Activity »
Could you retype exactly the line containing "Fully equipped ample" and every line after it in the data below, leaving out the pictures?

Source records »
⁂

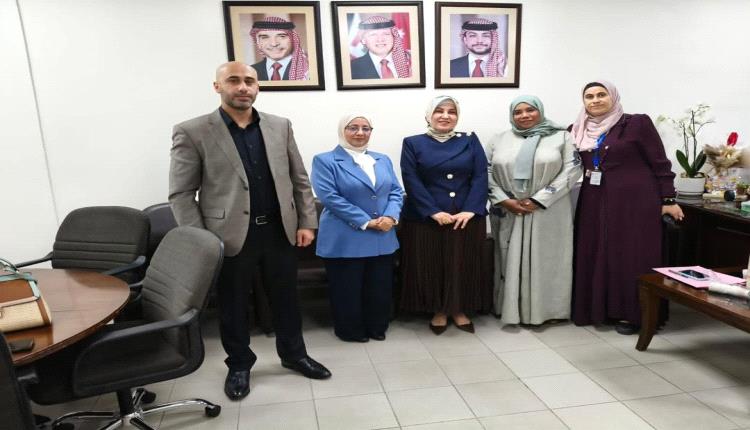 المستشار الثقافي ومساعد الملحق الصحي بسفارة اليمن في عمّان يلتقيان مسوؤلا أردنيا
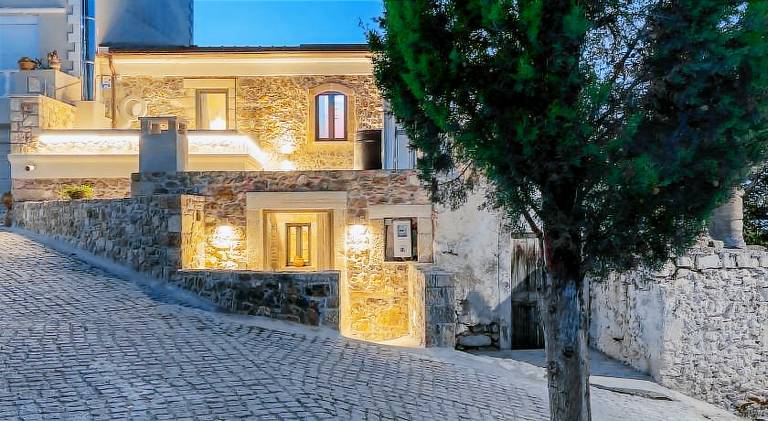 Fully equipped ample villa with terrace, hot tub & sauna | Pets allowed — photo 5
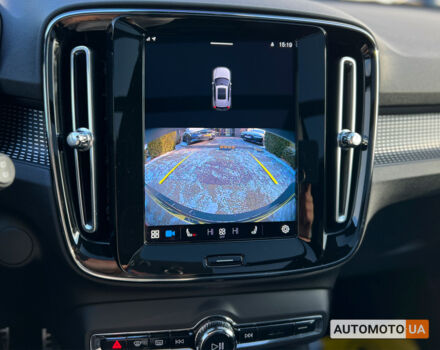 Белый Вольво XC40, объемом двигателя 78 л и пробегом 36 тыс. км за 27900 $, фото 25 на Automoto.ua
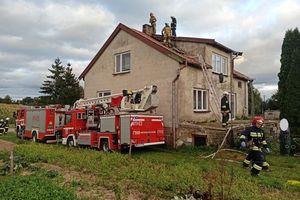 Pożar dachu w Radziejewie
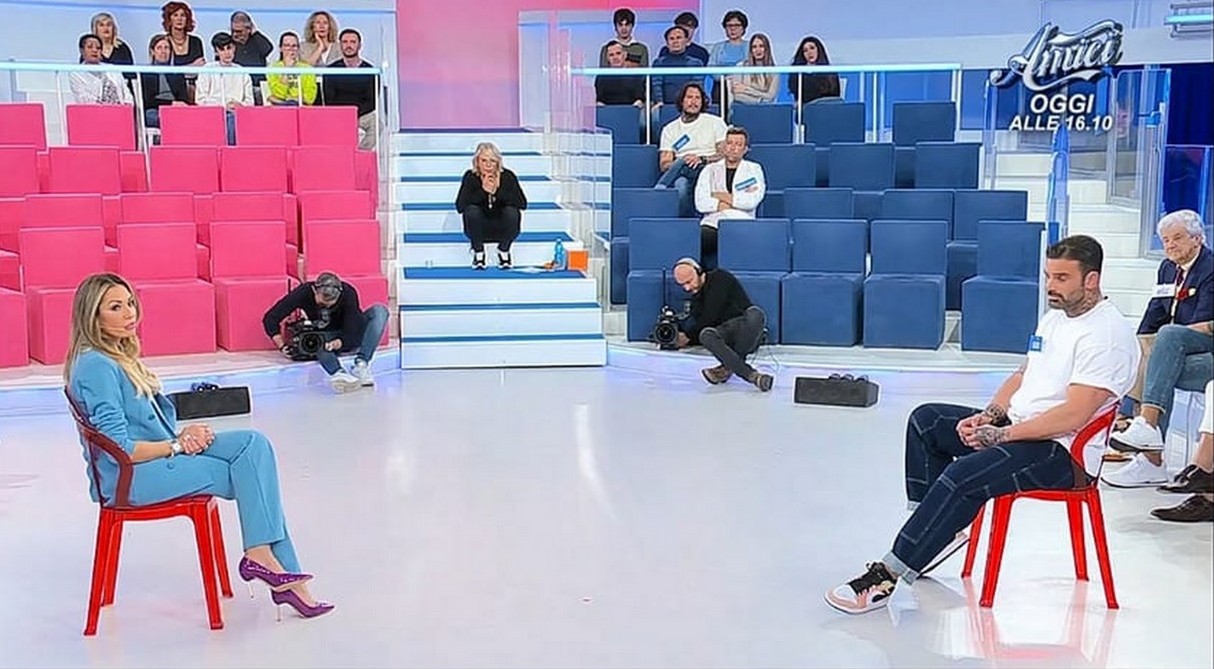 Ida Platano fa tornare Mario a UeD, ma scatta la polemica: "Tutto finto"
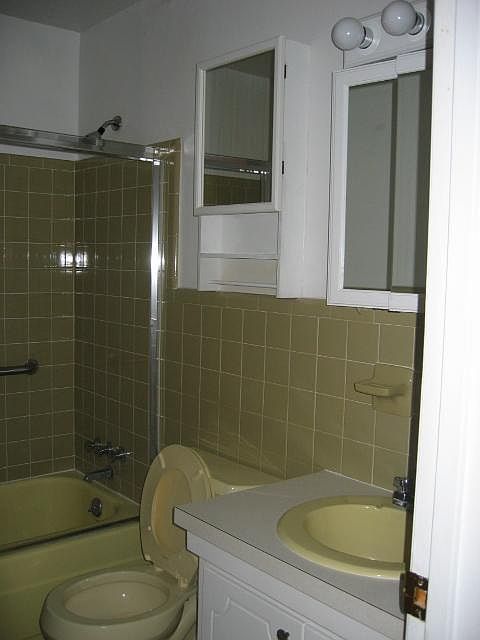 2nd image of 2401 Griffin Ave APT C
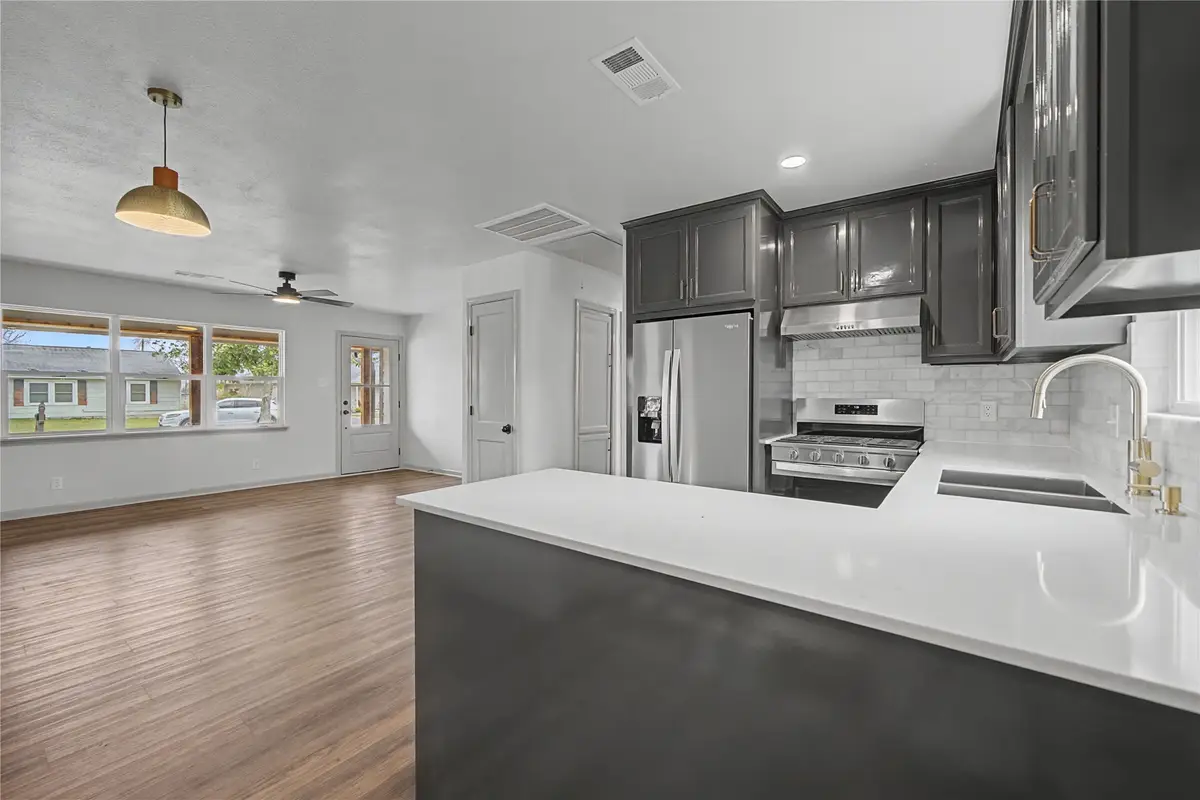 1108 Nottingham Drive, Angleton, TX 77515 - Image #1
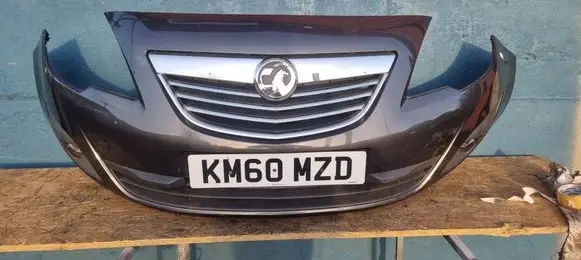 Opel Meriva B Front bumper 13267699
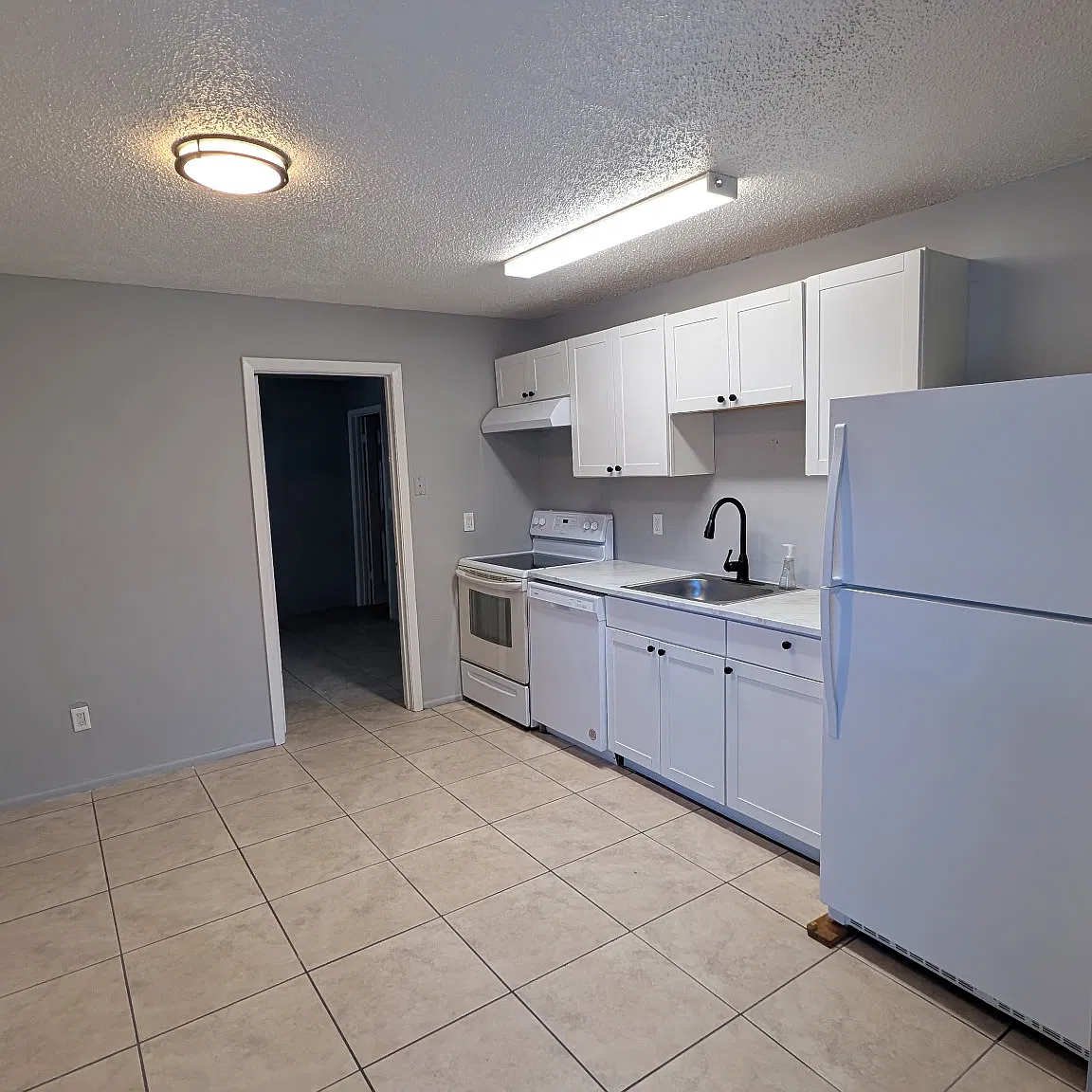 3 bed, 1100 sqft, $2,075 — Photo 4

⁂

Answer box »
 Fully equipped ample villa with terrace, hot tub & sauna | Pets allowed — photo 5
 Белый Вольво XC40, объемом двигателя 78 л и пробегом 36 тыс. км за 27900 $, фото 25 на Automoto.ua
 Pożar dachu w Radziejewie
 Ida Platano fa tornare Mario a UeD, ma scatta la polemica: "Tutto finto"
 2nd image of 2401 Griffin Ave APT C
 1108 Nottingham Drive, Angleton, TX 77515 - Image #1
 Opel Meriva B Front bumper 13267699
 3 bed, 1100 sqft, $2,075 — Photo 4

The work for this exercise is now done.